Greece is headed for another month of political paralysis ahead of new elections in mid-June after party leaders failed to agree a coalition government.
Crucial talks failed on the day new French President Francois Hollande visited Berlin for talks with Chancellor Angela Merkel immediately after officially taking power from Nicolas Sarkozy, the leaders later saying they had agreed to discuss ways to generate economic growth in Europe.
They also confirmed that they both wanted Greece to remain part of the eurozone.
Mr Hollande, a Socialist, has criticised Mrs Merkel’s austerity-led approach to the eurozone debt crisis and called for more growth-based efforts.
During his election campaign, he called for a renegotiation of a budget-discipline pact which Mrs Merkel pushed for the continent.
Mr Hollande said after his first meeting with the German leader that “everything must be put on the table by everyone” that could promote growth.
Asked whether he was still demanding a renegotiation of the fiscal compact, Mr Hollande said he would be able to answer the question “at the end of this work”.
The protracted deadlock in Greece and the prospect of an anti-austerity party winning the new vote hammered Europe’s markets on fears that the debt-crippled country could be forced out of the European single currency, triggering shockwaves throughout the 17-country eurozone.
“The country is unfortunately heading again to elections,” Socialist party leader and former finance minister Evangelos Venizelos said after the talks under President Karolos Papoulias collapsed. “Certain people coldly put their short-term party interests above the national interest.”
Main European markets lost earlier gains, with the FTSE 100 index of leading shares shedding 0.6 per cent, Germany’s DAX down 1 per cent and the CAC-40 in France 0.7 per cent. Greek shares were clobbered further after days of heavy losses, with the Athens stock market closing 3.6 per cent down.
In the US the Dow wound up with a loss of 63.35 points, or 0.5 per cent, to close at 12,63.
A meeting of five party leaders under Mr Papoulias was a last-ditch effort to overcome the deadlock after a first election in May left no party with enough votes for a majority.
Repeated attempts over nine days to cobble together a coalition government proved fruitless, as anti-austerity parties riding on a tide of popular discontent at protracted cutbacks failed to co-operate with mainstream pro-European politicians.
The political uncertainty has worried Greece’s international creditors, who have extended the country billions of euros in rescue loans over the past two years.
PASOK’s Mr Venizelos said the head of the small Democratic Left party, Fotis Kouvelis, had proposed forming a two-year government, but insisted that it include the radical far-left Syriza party.

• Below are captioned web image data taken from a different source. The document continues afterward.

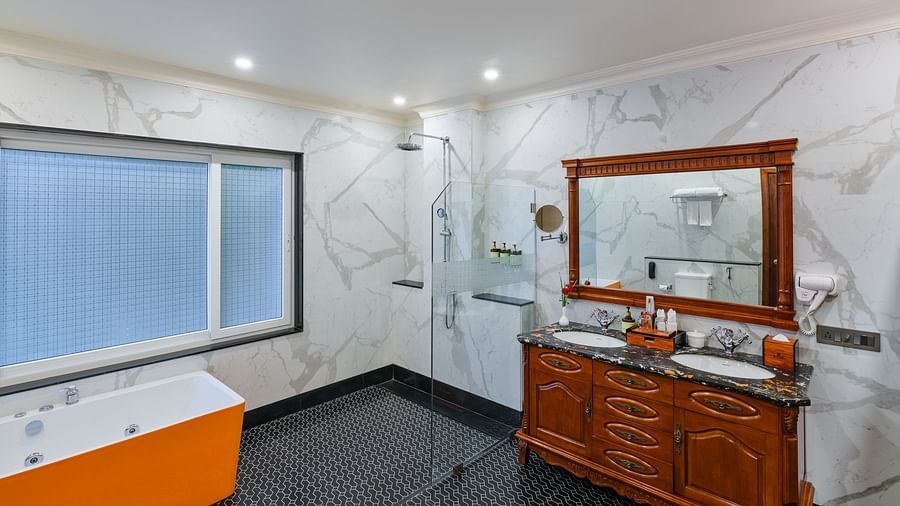 Oriental Villa  Bathroom with an orange bathtub, a black and white tiled floor, a large mirror with a wooden frame above two sinks, and a glass shower screen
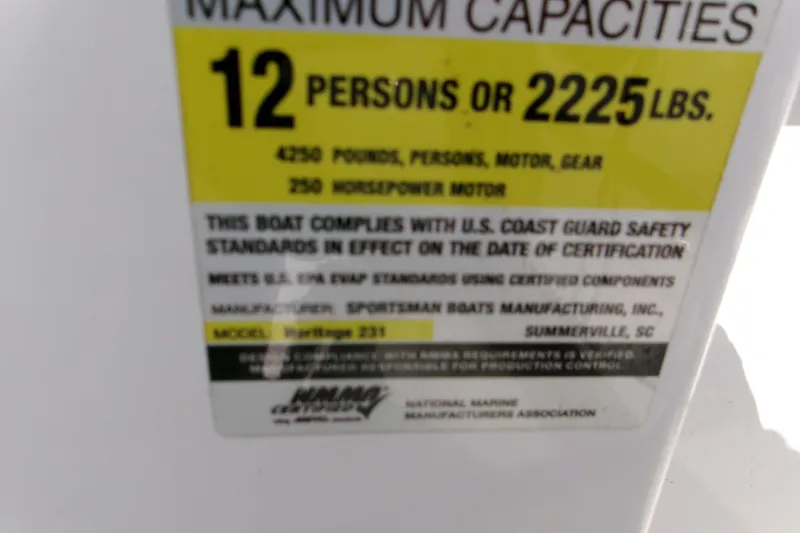 Slide: The Image of 2014 Sportsman Heritage 241 Center Console capacity label, 12 persons or 2225 lbs, 250 HP motor. - 14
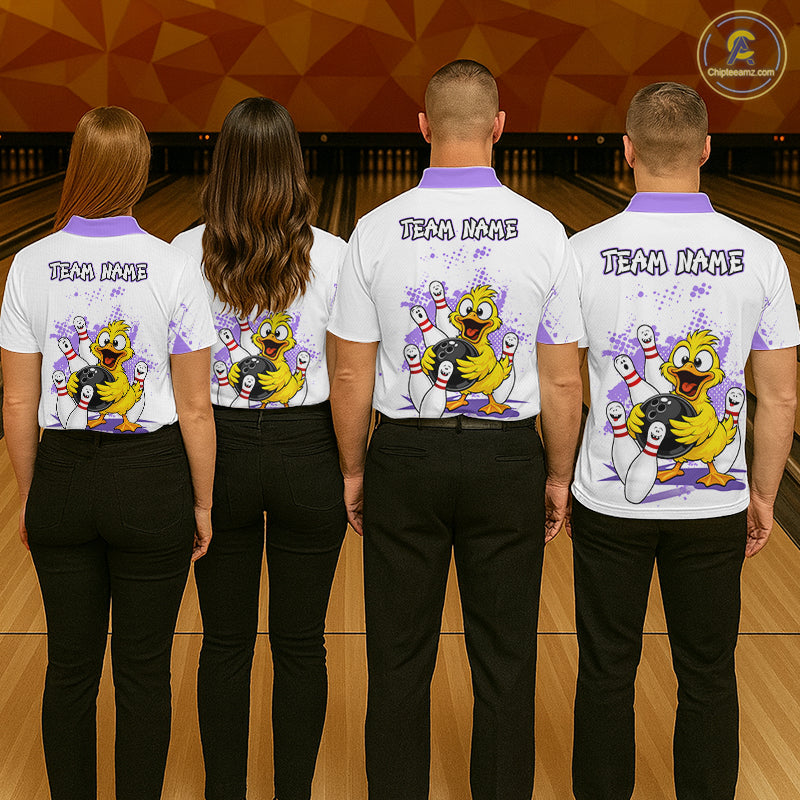 Four people standing from the back in a bowling alley, wearing matching white short-sleeve bowling shirts with purple collars and sleeves, black pants, and a large cartoon duck graphic on the back with the text 'TEAM NAME'.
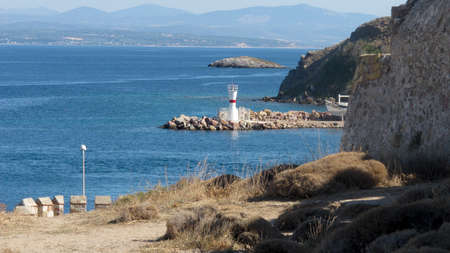 Rocky Seaside and in the Middle of the Sea a White Lighthouse の写真素材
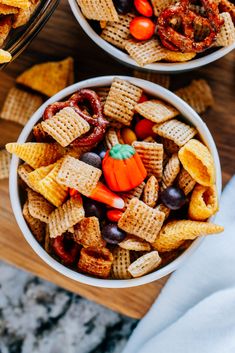 two bowls filled with halloween snack mix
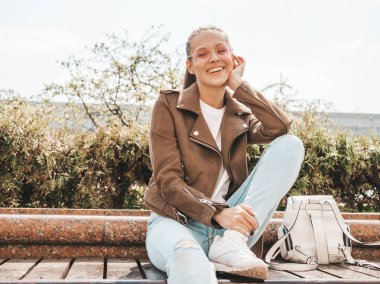 Yaz hipster ceket ve kot elbise giymiş güzel gülümseyen esmer model Portresi. Sokak arka planda bankta oturan trendy kız. Güneş gözlüğü komik ve pozitif kadın
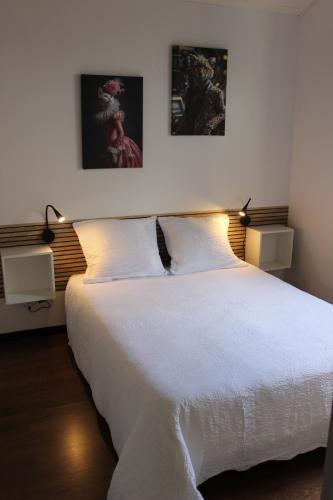 ein Schlafzimmer mit einem weißen Bett mit zwei Bildern an der Wand in der Unterkunft La petite maison in Cuxac-Cabardès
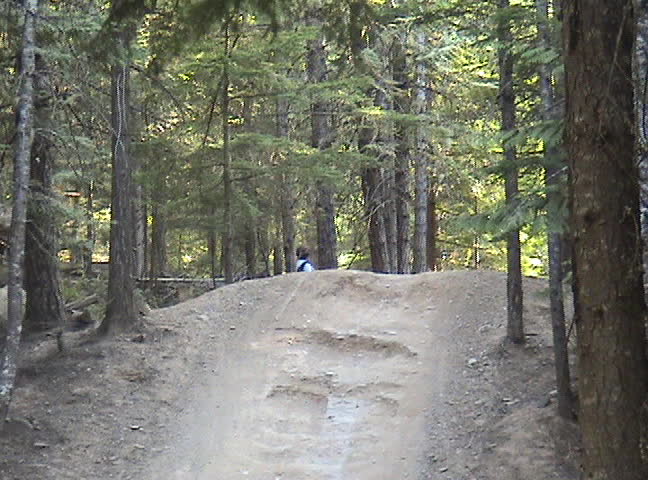 Bike jumping sequence on A-line trail at Whistler, B.C.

Syriza came a surprise second in the May 6 vote, campaigning strongly on an anti-bailout platform and calling for austerity measures to be cancelled. The party’s leader, Alexis Tsipras, has refused to join any government that will not repeal the measures.
The conservative New Democracy party won the election, but only received 18.9 per cent of the vote as angry voters scattered to smaller parties.
Mr Papoulias will now convene a new meeting of party leaders to appoint a caretaker government until the election.
EU finance ministers in Brussels yesterday agreed new rules on bank liquidity as a hedge against further economic shocks to the banking system, but could do little but watch in vain for a breakthrough in Athens.
Before talks finally broke down, Chancellor George Osborne insisted: “This is a time of considerable uncertainty in the eurozone economies... and I think we are reaching a point where we have got to make a decision to see the eurozone stand behind their currency.
“A very important part of that of course is strengthening the entire European banking system.”